In 1961, recognizing the limited market for professional disc cutting lathes and facing increased competition from Neumann, whose disc cutting lathes were no longer restricted from being imported to the United States, Scully Recording Instruments entered the tape recorder market. Under the direction of former Presto Recording designer Arthur Gruber, who was Scully's chief engineer and vice president from 1961 through 1968, Scully introduced the model 270, a playback-only device intended to address the needs of automated radio stations. When sales of the model 270 did not meet the company's expectations, Scully contracted Bell Sound Studios co-founder and chief engineer Dan Cronin to design a tape recorder that would utilize the parts that the company had purchased to build the model 270. The Scully model 280 was introduced in 1965, and adopted by recording studios such as Decca in London. Scully later introduced a 1/4-inch two-track recorder, then a 1/4-inch three-track recorder, and eventually a 1/2-inch four-track recorder, which became a mainstay for several years.

In 1966, as many recording studios were seeking to upgrade to eight-track capabilies, the company introduced a 1-inch eight-track recorder, the 284-8, which offered more features than the similar model from competitor Ampex, while taking up less rack space. Advision Studios installed a 284-8 in 1968, making it one of the first 8-track studios in London. By 1972, Decca was using two 284-8s, and added a third later.

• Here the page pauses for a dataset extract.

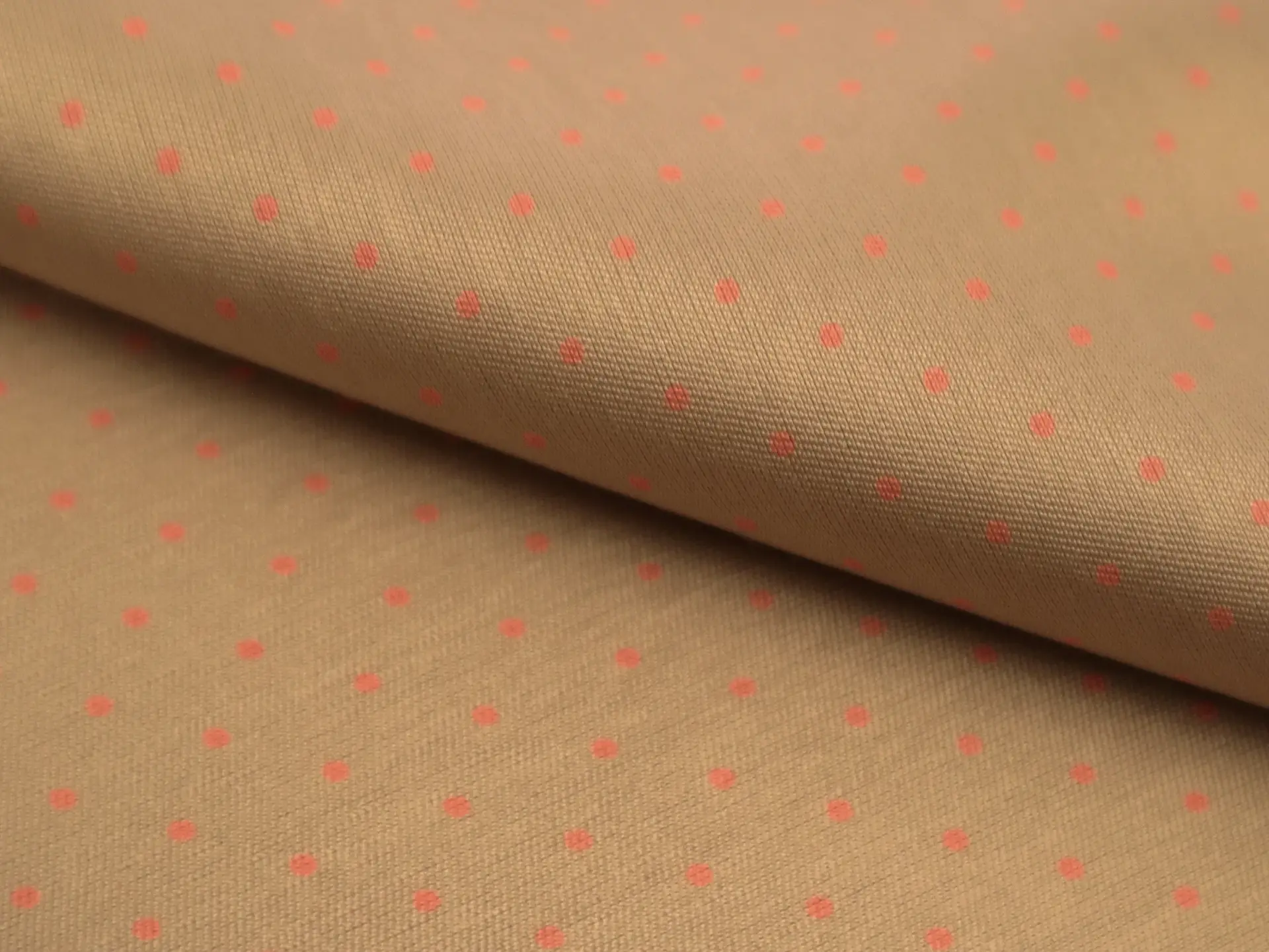 Silk and Wool Shantung with Polka Dots in Orange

In 1967 Scully introduced an innovative and unique 1-inch 12-track model, the 284-12, which was briefly popular. The first of these machines was custom built for Apostolic Studios in Manhattan and was used by Frank Zappa and The Mothers of Invention for the album Uncle Meat. The same model was quickly installed at the Record Plant in New York City and used by Jimi Hendrix, and also at Pacific High Recording in San Francisco. With more tracks, artists enjoyed increased recording flexibility. The 12-track system used a narrower track width than 8-track, which may have influenced the recording quality. Despite the narrower track width, Tom Scholz of Boston, later bought one of these machines and was thrilled with its sound quality. However, the 12-track format was overtaken by 2-inch 16-track technology, which was introduced soon after by Ampex. The 12-track Scully system also pre-dated the introduction of 2-inch 24-track recorders, which would become an industry standard for recording studios during the mid-1970s.

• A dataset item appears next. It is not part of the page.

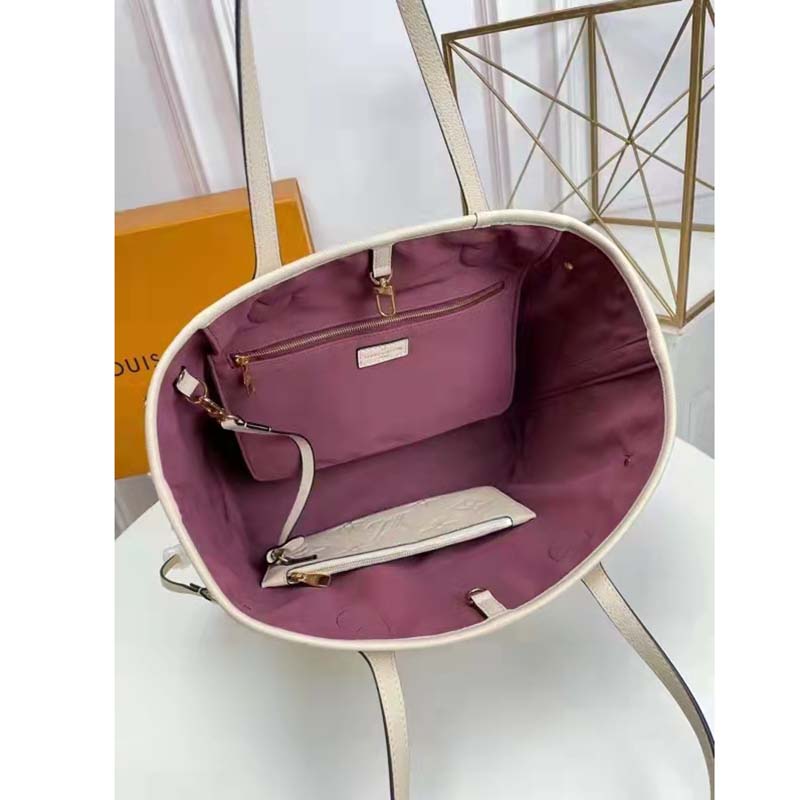 Louis Vuitton LV Women Neverfull MM Tote Beige Embossed Cowhide Leather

In 1971, the company introduced the Scully 100, a 2-inch 16-track model priced below $11,000, significantly lower than the industry-leading 3M M56's $15,000 price, but the Scully 100 was not commercially successful. Scully shifted its efforts to the broadcast market but found it to be crowded, and the company went out of business by mid-1980s. Scully's 16-track models were used by studios such as Sigma Sound in Philadelphia.

==Legacy==
A total of approximately 600 Scully recording lathes were built, and it is estimated that less than 40 still exist, with only twenty-one of those still functional, making them extremely rare.

Prolific jazz recording engineer Rudy Van Gelder purchased a Scully model 601 recording lathe for his recording studio in 1954, and acquired a second model 601 in 1962.

In 1975, Tom Scholz purchased a used Scully 12-track machine for home demos and the initial recordings that would become the debut album by Boston.

French electronic musician Jean-Michel Jarre recorded the album Oxygène in 1976 on a Scully 8-track recorder at his home studio. As of 2016 it had sold an estimated 18 million copies and is one of the best-selling French albums in history.

Third Man Records acquired a Scully recording lathe previously used at King Records in Cincinnati, which is now used by Vance Powell for direct-to-acetate recording of live performances at the label's Blue Room venue in Nashville. Live at Third Man releases cut direct-to-acetate with the Scully lathe have been released by artists including The Shins, The Kills, Seasick Steve, Blitzen Trapper, and Billie Eilish.

Engineer Nicholas Bergh spent over 10 years assembling and restoring a vintage 1925 Scully lathe with a Western Electric amplification system used to demonstrate the first electrical sound recording system in the 2017 documentary film The American Epic Sessions.